Atomistic tight-binding calculations of near infrared emitting CdxHg1−xTe nanocrystals

Abstract

I present the structural and optical calculations for CdxHg1−xTe zinc-blende nanocrystals with the experimentally synthesized Cd compositions (x) in the framework of atomistic tight-binding model (TB) and configuration interaction description (CI). This atomistic tight-binding model incorporates the sp3s∗ orbital and the first neighbouring interaction, in addition to the non-linear dependence of compositions on the band gaps the bowing factor is involved into this model through the extended virtual crystal approximation (VCA). The information of DOS highlights that the contribution of the conduction and valence bands is subjected by cation and anion atoms, respectively. The improvement of the optical band gaps in CdxHg1−xTe nanocrystals is presented with the increasing Cd compositions. The optical band gaps can be used to tune their optical properties across a technologically useful range from 688nm to 2755nm which can be implemented for the near infrared emitting devices. In addition, the enhancement of the optical property is reported with the increasing Cd contents. With the increasing Cd compositions, the atomistic electron-hole Coulomb interaction is mainly increased, whereas the atomistic electron-hole exchange interaction is reduced. The Stokes shift and fine structure splitting are progressively reduced with the increasing compositions and diameters.
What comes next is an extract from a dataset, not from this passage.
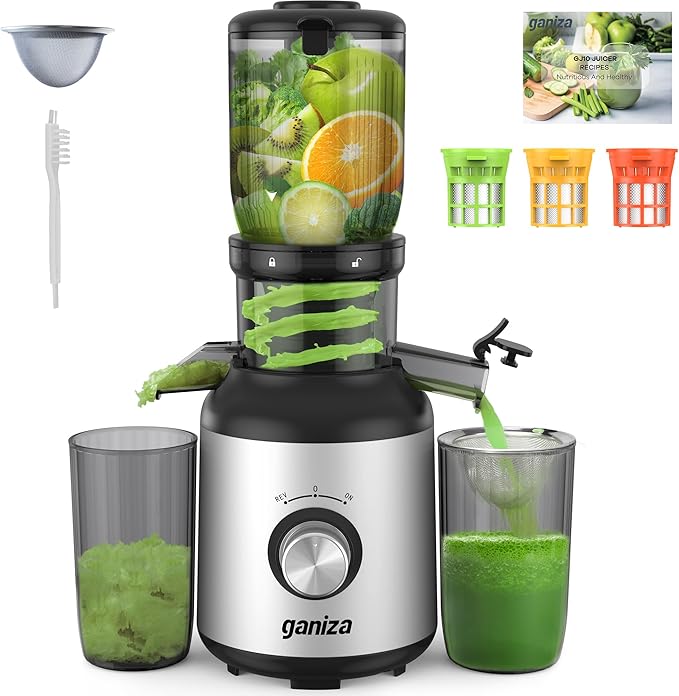 Ganiza Cold Press Juicer, 4.3" Compact Space-Saving Design Juicer Machine with 3 Replaceable Filters, One-Touch & Ultra-Quiet Operation, BPA-Free Easy to Clean, Silver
The application of fine structure splitting is utilized to implement as a source of entangled photon pairs in the quantum information. Finally, the comprehensive computations of alloy CdxHg1−xTe nanocrystals effectively determine the composition- and size-dependent structural and optical properties which render these nanocrystals promising candidates as the near infrared emitting devices and optical amplifiers.